Consider scenario where we apply an initial remote offer, which doesn't contain any supported (by us i.e. receiver) codecs.

According to W3C we will create a new transceiver with recvonly direction, then we will create an answer that will mark the mline as rejected (as there are no supported codecs) and finally, we will apply the answer as our local description.

Applying a local answer is defined in section 4.4.1.5-4.7.10.1 and it doesn't allow for stopping transceivers. Stopping transceivers is only done when applying a remote description. Beacuse, when applying the remote offer, we didn't create a stopped transceiver, we won't also stop it when applying the local answer. This means that we will end up with an answer with the rejected mline and the transceiver with direction recvonly and currentDirection recvonly or inactive (depending on what we put in the answer as JSEP defines rejecting an mline as setting port to 0, without changing the direction, see here).

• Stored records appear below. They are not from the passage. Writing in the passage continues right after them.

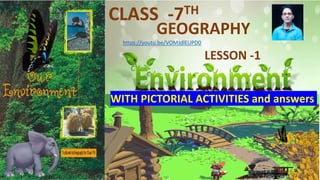 CLASS -7TH
GEOGRAPHY
LESSON -1
WITH PICTORIAL ACTIVITIES and answers
https://youtu.be/VOMJdlEUPD0
 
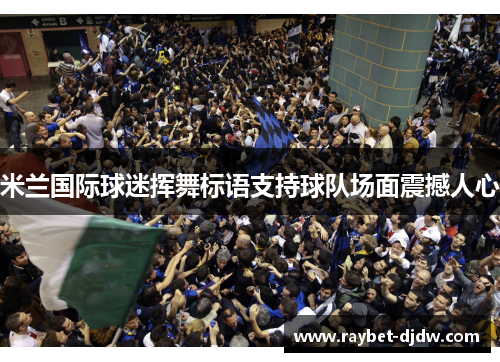 米兰国际球迷挥舞标语支持球队场面震撼人心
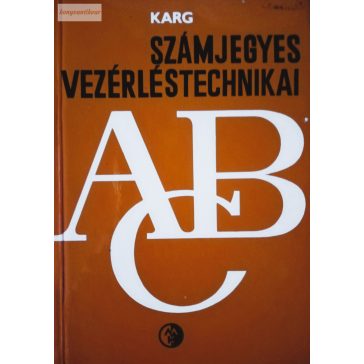 Karg: Számjegyes vezérléstechnikai ABC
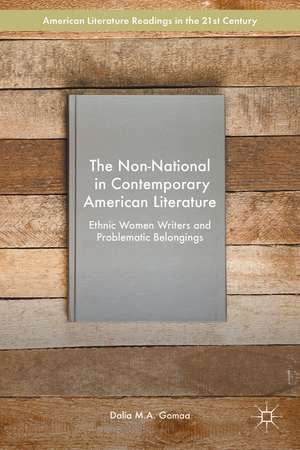 The Non-National in Contemporary American Literature: Ethnic Women Writers and Problematic Belongings de Dalia M.A. Gomaa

What I think should happen is that we should also stop transceivers when applying local description, so I belive we should add in 4.4.1.5-4.7.10.1 something like in the 4.4.1.5-4.7.10.2

"If the media description is rejected, and transceiver.[[Stopped]] is false, then stop the RTCRtpTransceiver transceiver."

That's also what Firefox seems to do.

We offer AV1 as Firefox 121 doesn't support it and at the end of the day the transceiver created after setting a remote description is removed when we apply local description.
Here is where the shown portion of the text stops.